■ **Task item**:
Only one stretch of the data below is wanted: the lines starting at the one with "Μήνυμα Μητσοτάκη σε" and ending at the one with "[MP4]STP26839 嫩乳萝姬苗条身材淫荡00后小姐姐▌妮酱 ▌洛丽塔白丝喵女", both included, given again exactly.

■ **Source information**:
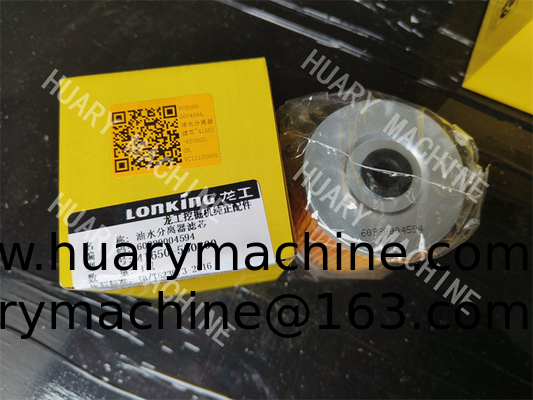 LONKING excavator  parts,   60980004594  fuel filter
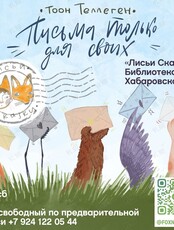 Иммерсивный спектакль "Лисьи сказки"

...

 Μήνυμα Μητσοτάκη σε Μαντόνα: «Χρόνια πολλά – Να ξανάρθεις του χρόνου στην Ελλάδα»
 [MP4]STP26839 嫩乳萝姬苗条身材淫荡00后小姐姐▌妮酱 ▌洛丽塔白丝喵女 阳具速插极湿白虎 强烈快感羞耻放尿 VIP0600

■ **Final answer**:
 Μήνυμα Μητσοτάκη σε Μαντόνα: «Χρόνια πολλά – Να ξανάρθεις του χρόνου στην Ελλάδα»
 [MP4]STP26839 嫩乳萝姬苗条身材淫荡00后小姐姐▌妮酱 ▌洛丽塔白丝喵女 阳具速插极湿白虎 强烈快感羞耻放尿 VIP0600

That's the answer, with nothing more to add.